Monday, September 20, 2010

What do the Tea Party’s offer our country? Lecturing.

The NY Times recently wrote this:

The strategists see openings to exploit after a string of Tea Party successes split Republicans in a number of states, culminating last week with developments that scrambled Senate races in Delaware and Alaska. “We need to get out the message that it’s now really dangerous to re-empower the Republican Party,” said one Democratic strategist.
Is dangerous too strong a word? Not in this case, and here’s why.

Instead of providing solutions, crazy tea party constitutionalists and now "serious" political candidates, are going to give us lectures on their version of the Constitution. Forget the recessionary suffering and joblessness, sit down and listen. I wish I were kidding.

I promise that if these extremists do find their way into Washington, they will try to etch in stone their jackass channelings of what the founding fathers really meant and will do nothing to provide for the general welfare. After all, “welfare” is a dangerously socialist word, a word slipped into the Constitution in the middle of the night, and passed before anyone had a chance to read it.

A question from Fox’s Chris Wallace inadvertently revealed the tea party plan of governance, when he asked Senate candidate Joe Miller how he would solve poverty and help the unemployed during the recession. It started with “the lecture.”

Joe Miller: "The question is, what is the role of government?”

That’s the pat answer we’ll being hearing from now to eternity. The lecture continues...

Joe Miller: What we have in this country is an entitlement mentality…that, if all goes wrong, it’s the government’s role to get in there, and provide for “the general welfare.” To basically provide for the insolvency of states and other entities…the Constitution provides enumerated powers…show me the enumerated power. And then look at the Tenth Amendment that says, if it’s not there in the constitution, it’s a power that belongs to the state and to the people.”
Yes, it’s right there in the Tenth Amendment, “the power that the people.” The states can pass their laws, but so can “the people” federally. The Tenth Amendment is clear:

“The powers not delegated to the United States by the Constitution, nor prohibited by it to the States, are reserved to the States respectively, or to the people.”
That's pretty specific language, except to the many hard line constitutional scholars who think the founding fathers were dumb enough to try and list every power in the founding document. The writers in fact feared the Bill of Rights might be interpreted that way.

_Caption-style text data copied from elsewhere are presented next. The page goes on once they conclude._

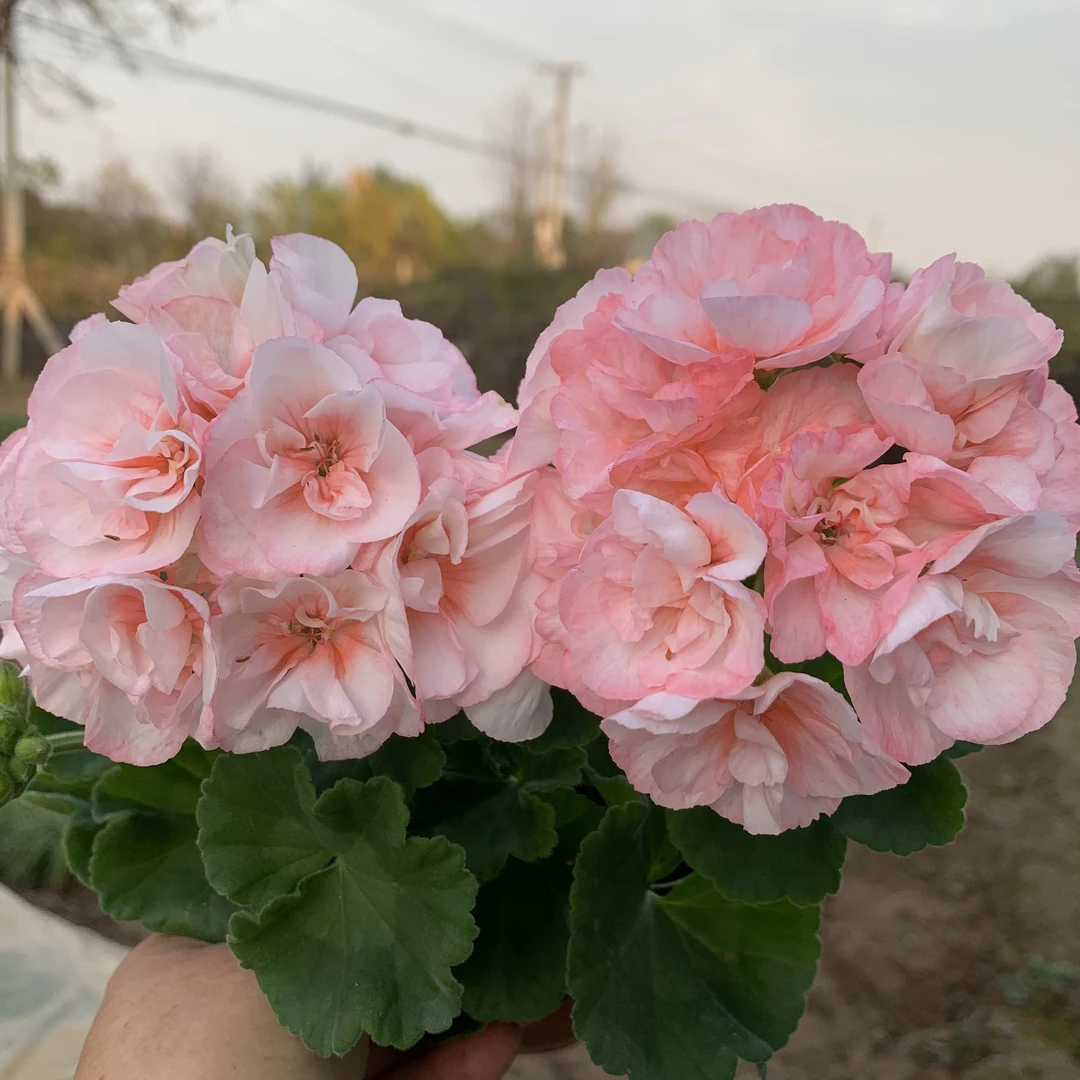 【棉花糖】(一盆包邮;拍三发四)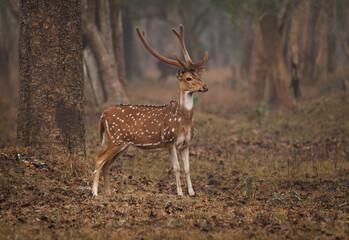 Naklejka na ściany i meble Chital or cheetal - Axis axis also Spotted deer, native to the Indian subcontinent, portrait in the indian jungle, adult male with big horns or antlers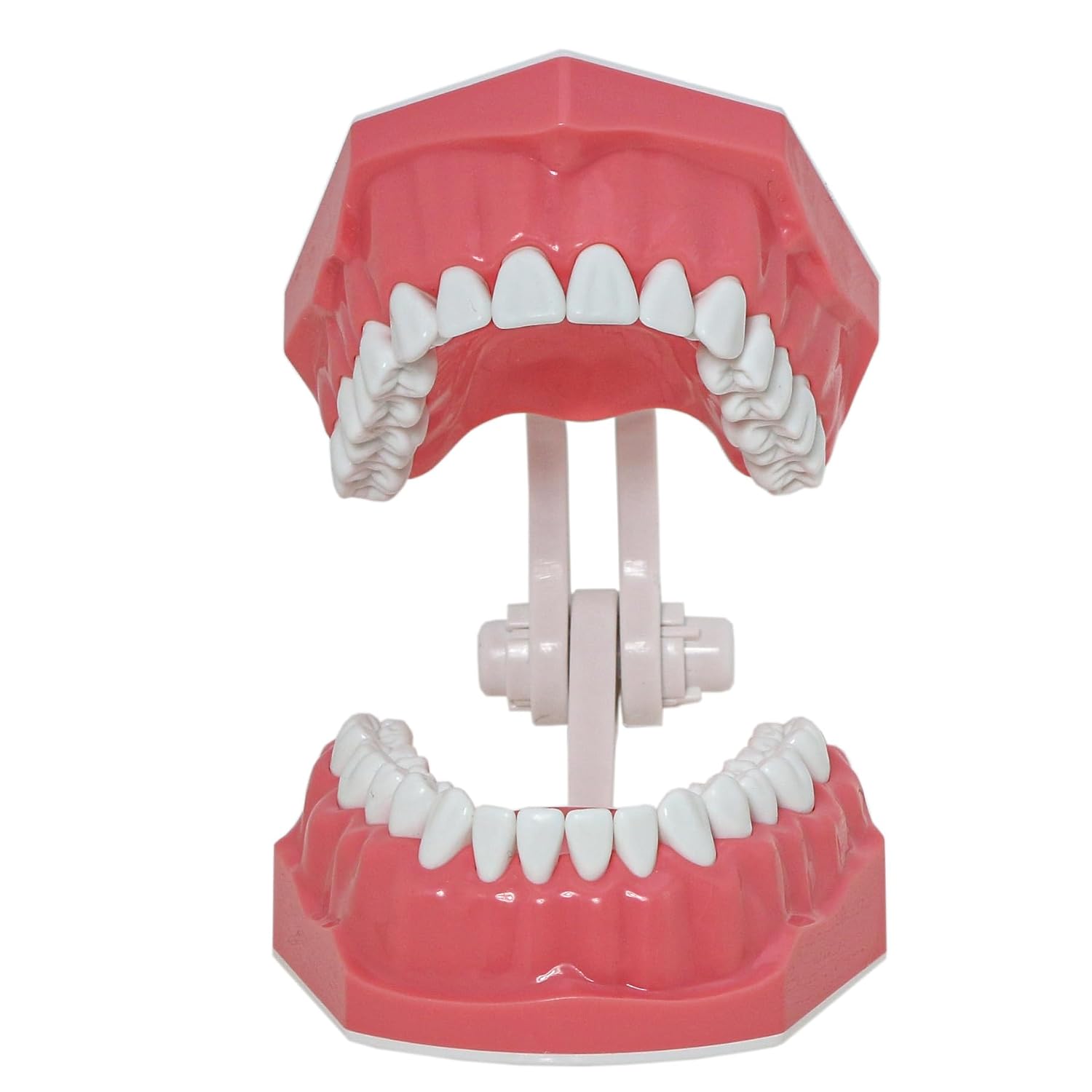 Detalle 2 de DENTALMALL Modèle dentaire standard pour brossage du fil dentaire, typodont et démonstration anatomique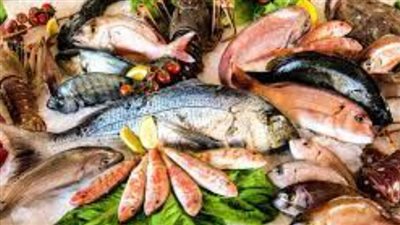 أسعار الأسماك اليوم اليوم الثلاثاء 21 مايو 2024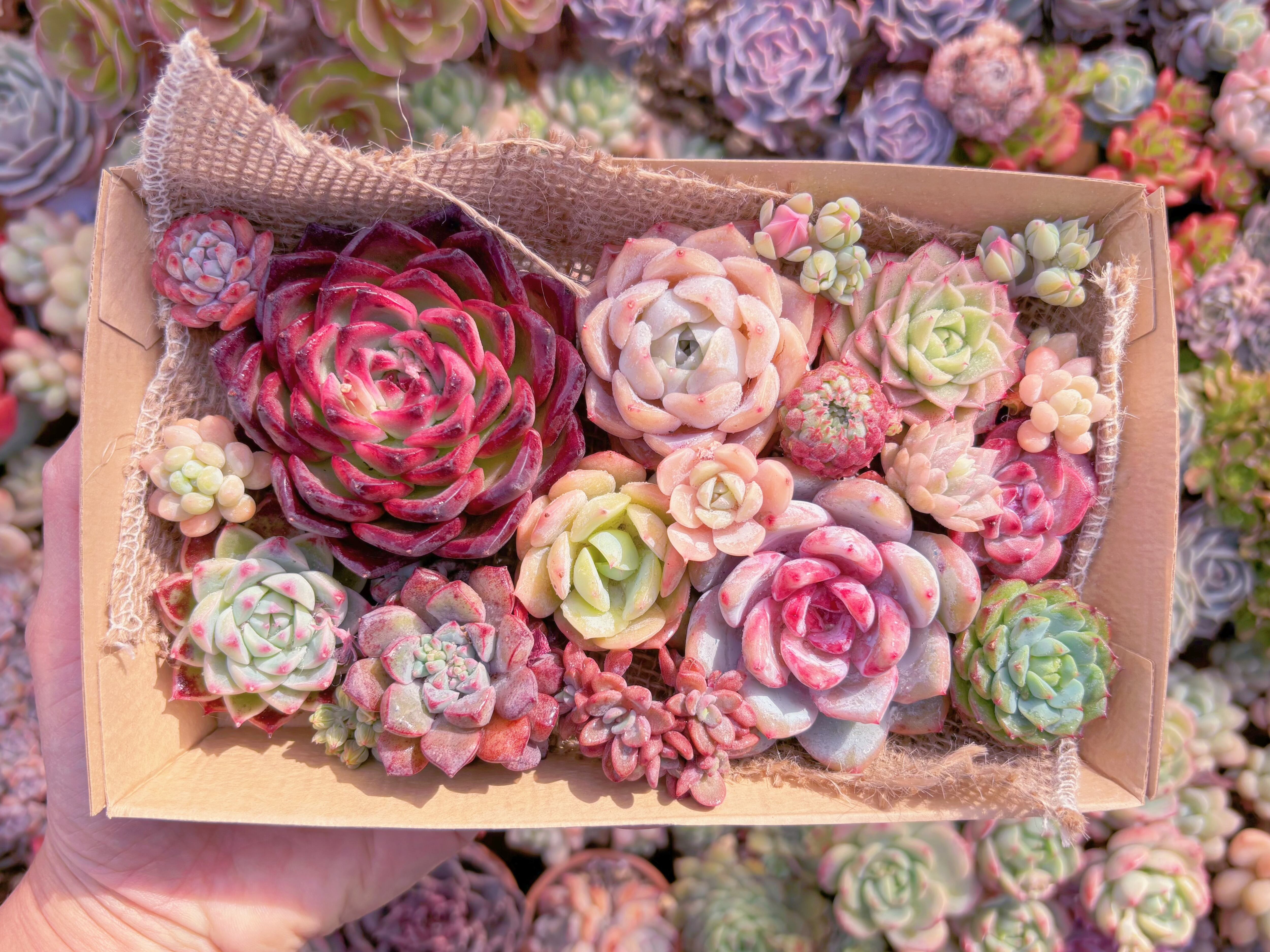 現品　寄せ植えセット#552　12cmx20cm　るる農園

Miller also believes that the money in Social Security has been stolen from him. Miller believes the government borrows money with interest, with the intent of never paying it back? What a patriot. Like all conservative con artists, Miller wants to convince Americans they will not get the money back, that it's gone forever, letting them off the hook. Sorry, you borrowed money from the lower and middle class and made fun of the idea of a lock box; now pay it back you freeloaders.